YOUR GOAL: For the data that follows, return each line unchanged and drop the pictures.

╭─ DATA FOR REVIEW

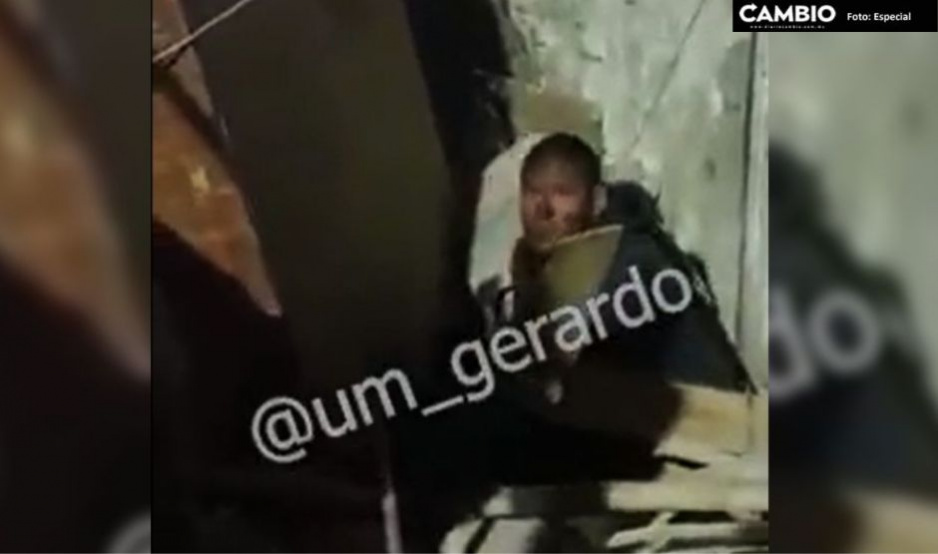 FUERTE VIDEO: Indigente se come a perrito callejero en Guanajuato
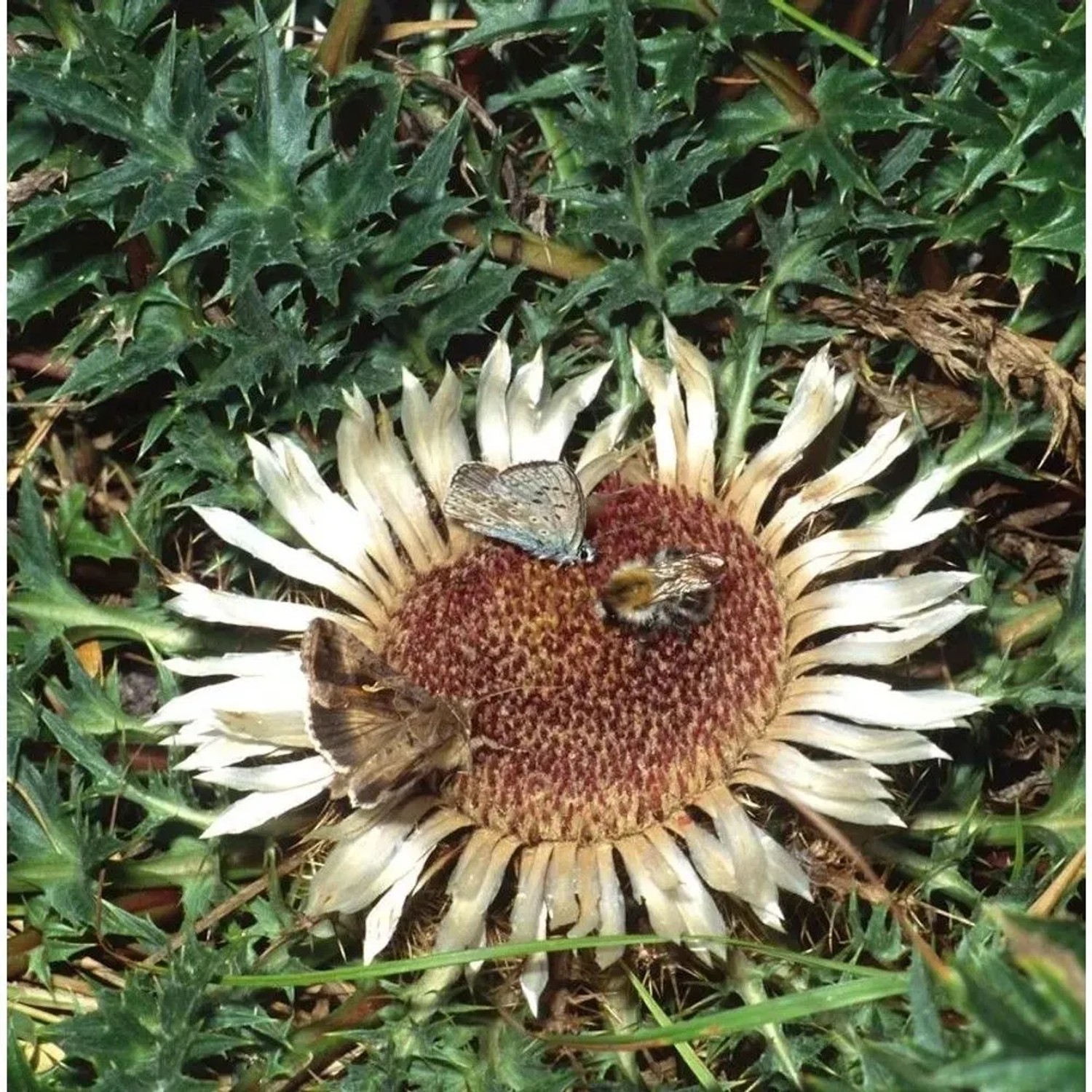 Wetterdistel - Carlina acanthifolia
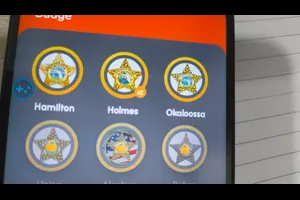 orange3 image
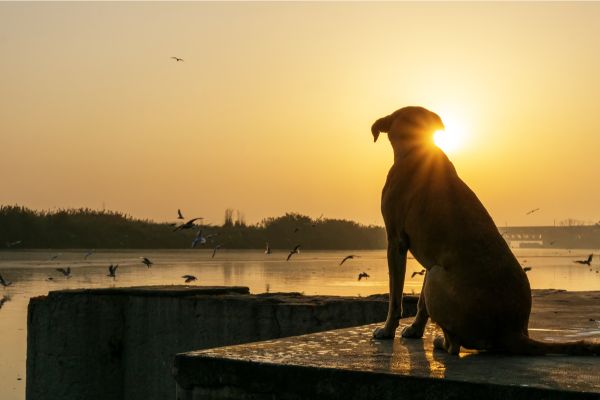 Regenbogenbrücke für Hunde: Hund schaut sich einen Sonnenaufgang an.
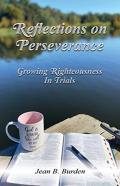 Reflections On Perseverance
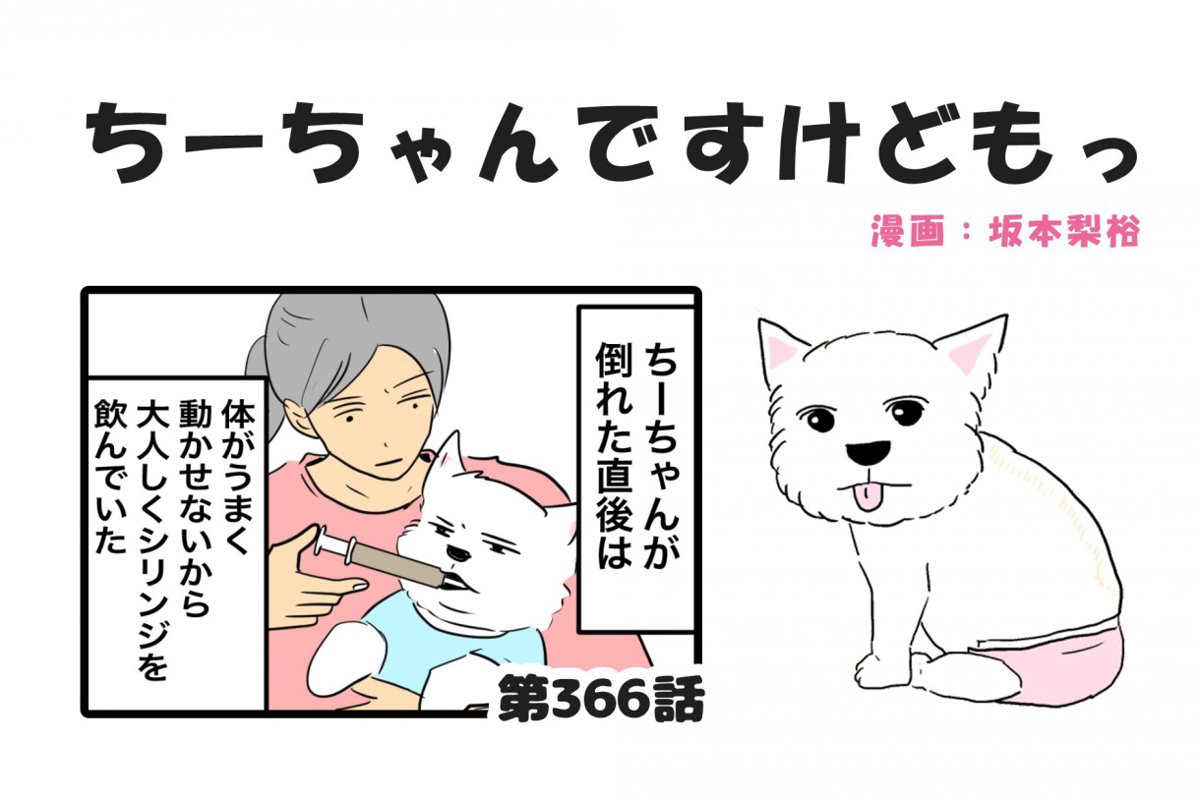 ちーちゃんですけどもっ【第366話】「体調の変化」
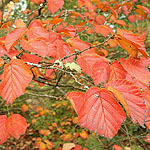 Hamamelis - Ruby Glow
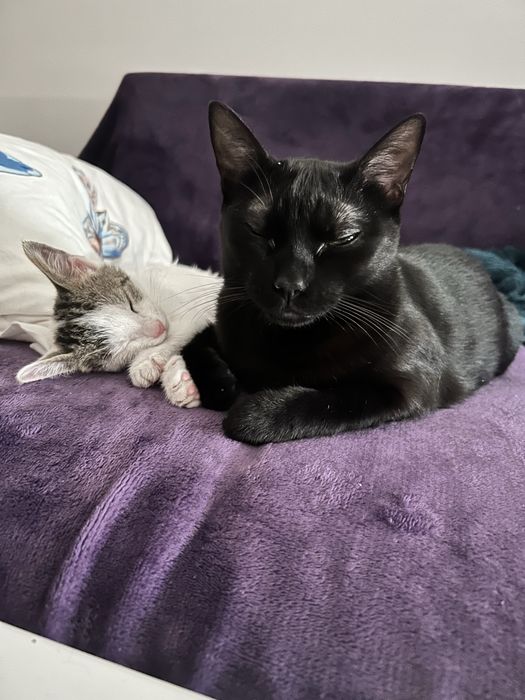 Cat Sitter Militari Residence – Găzduire & Vizite la Domiciliu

╰─

TASK SOLUTION:
 FUERTE VIDEO: Indigente se come a perrito callejero en Guanajuato
 Wetterdistel - Carlina acanthifolia
 orange3 image
 Regenbogenbrücke für Hunde: Hund schaut sich einen Sonnenaufgang an.
 Reflections On Perseverance
 ちーちゃんですけどもっ【第366話】「体調の変化」
 Hamamelis - Ruby Glow
 Cat Sitter Militari Residence – Găzduire & Vizite la Domiciliu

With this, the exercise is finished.